A little Lanolin should clear that skin problem right up.


----------



## durk (Sep 16, 2011)

Altough I realise this must be a n00bish question, i dont think this thread was named dry skin problem.


----------



## José Herring (Sep 16, 2011)

perhaps vitamin E then?

You may be a noob, but I guarantee that you know more about KSP than I do. I just had the urge to be silly. Surprised that nobody has chimed in with a real answer for you. This forum use to be populated with many scripters that were very helpful in the past. I guess they've gone and this part of the forum has died out.


----------



## Big Bob (Sep 16, 2011)

Hey Durk,

For one thing the pix text file belongs alongside the .tga (not in the scripts folder). 

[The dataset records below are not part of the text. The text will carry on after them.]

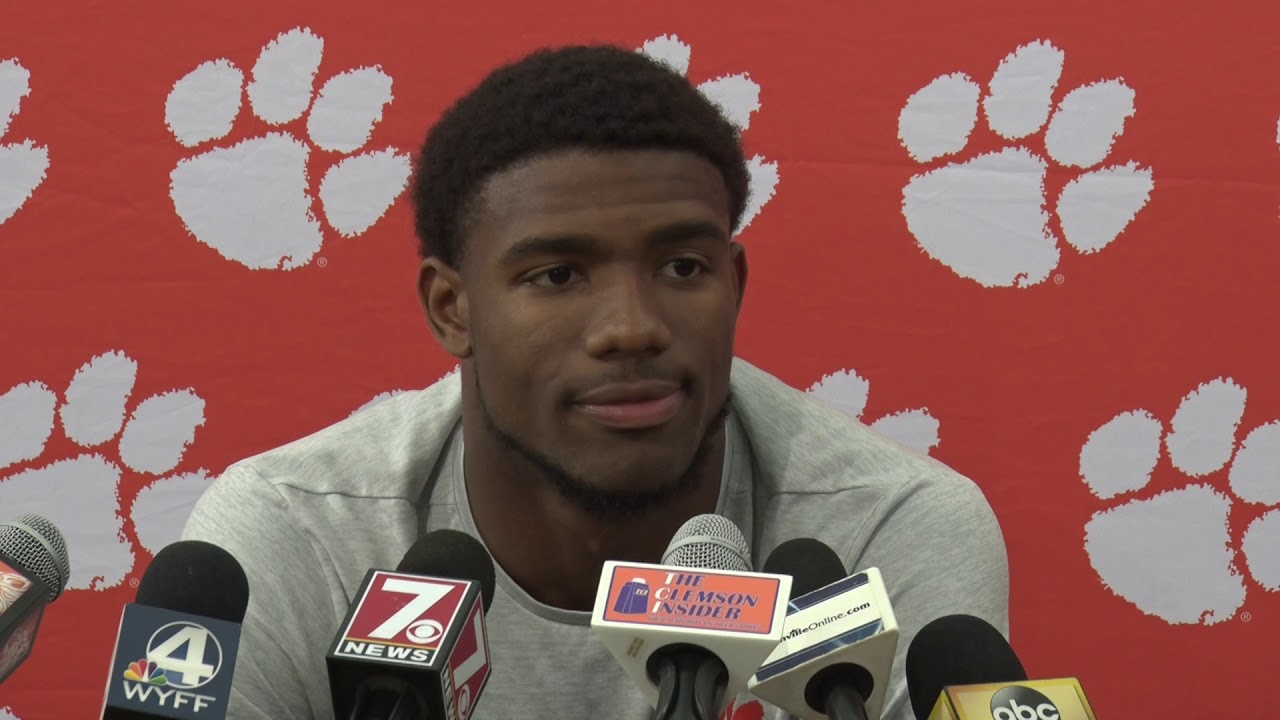 Tcitv Kelly Bryant Georgia Tech Week Youtube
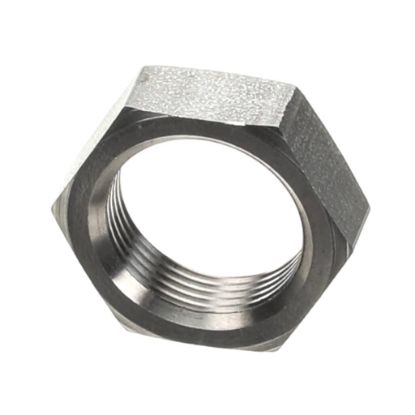 Picture of Grindmaster Cecilware 7/8 -18 Lock Nut, 1-1/8 Hex Part# A600011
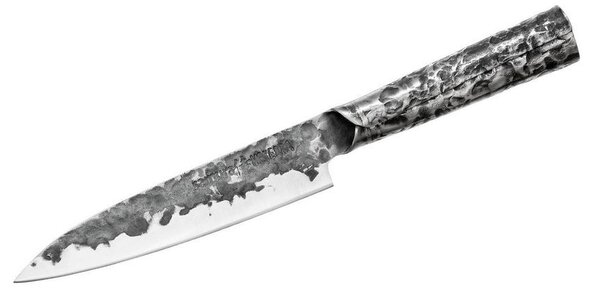 NOŽ SANTOKU meteora 29 cm nerjaveče jeklo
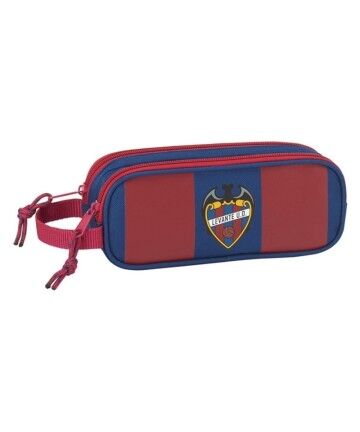 Necessaire Levante U.D. Azzurro Rosso Rubino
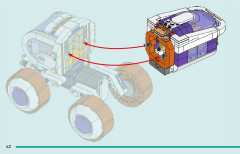 LEGO 42602 instructions page 42 – build guide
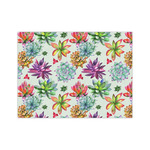 Succulents Medium Tissue Papers Sheets - Lightweight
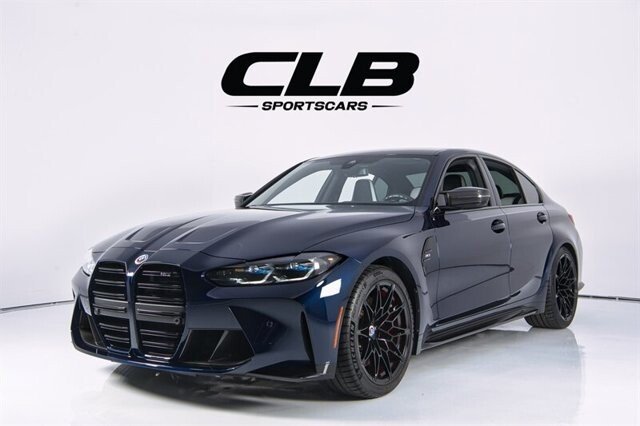 2023 BMW M3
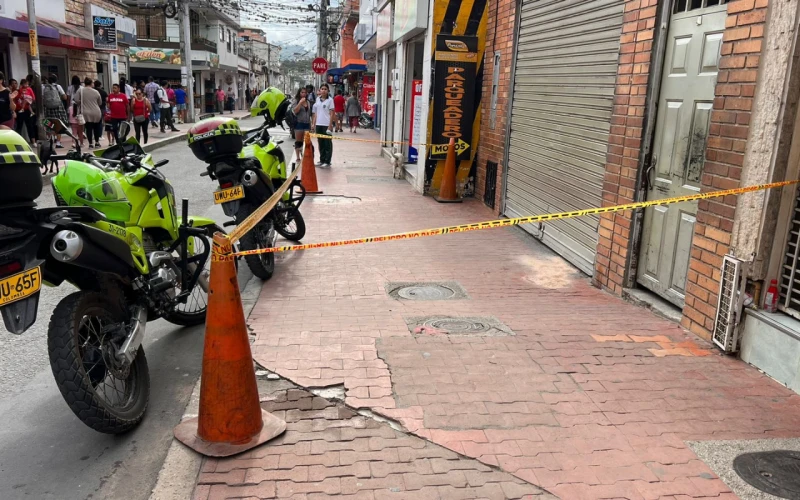 Fleteo en Lebrija: autoridades capturan a los delincuentes responsables del doble homicidio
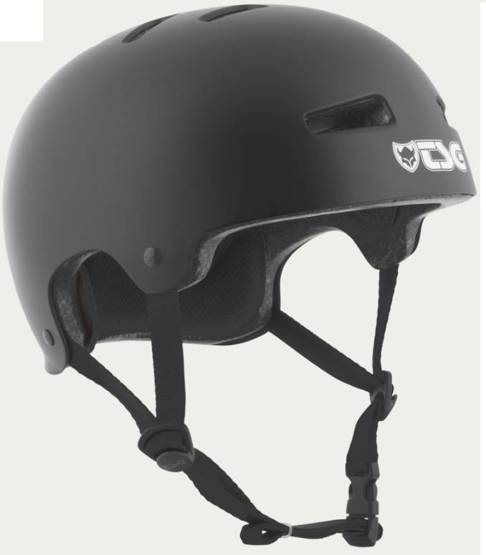 tSG Skate Helm (Satin Black)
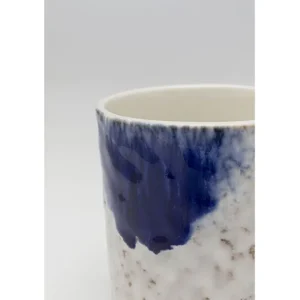 Hot KARE Design Mug Biscotti Light blue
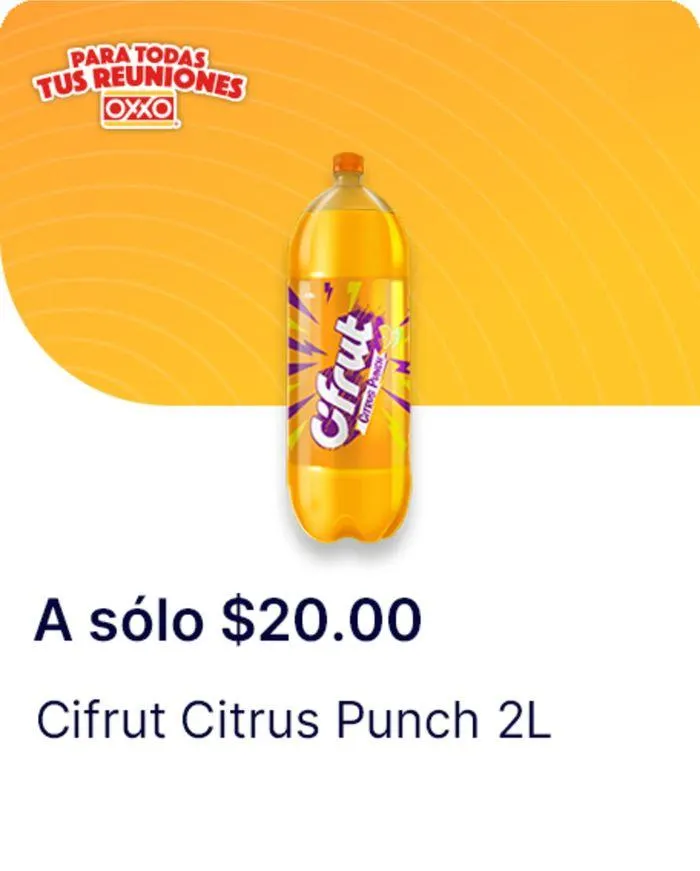 Catálogo de Ofertas OXXO 12 de septiembre al 9 de octubre 2024 - Pagina 36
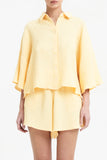 Alto Shirt- Citrine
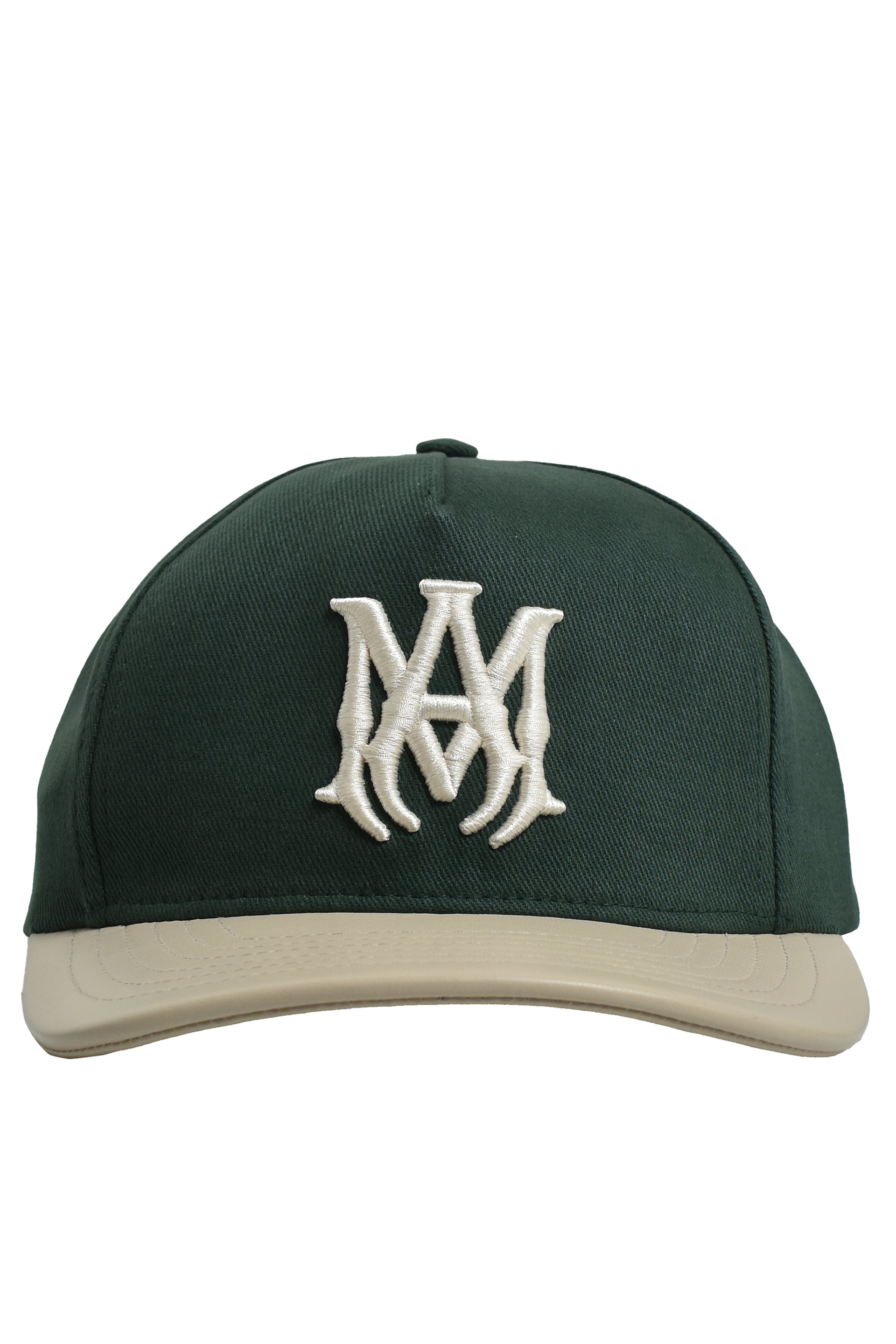 TWO TONE HAT / DARK PALM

Since your download doesn't seem to include your script, I don't think I want to deduce what your problem is. Please provide your script text file also.

Rejoice,

Bob


----------



## durk (Sep 16, 2011)

Hey Bob,

Thanks! I already found the problem - it was exactly what you mentioned 

And thanks for all the posts where you provided answers to other n00bs, they sure have been useful!

Re; not many people reacting here anymore, It's completely beyond me why NI makes KSP such hurdle.

It's up to people Like Nils and Ken to create tools to ease the pain and leave it up to Big Bob and EvilDragon to answer questions... Maybe thats why less people are getting in to KSP these days?


----------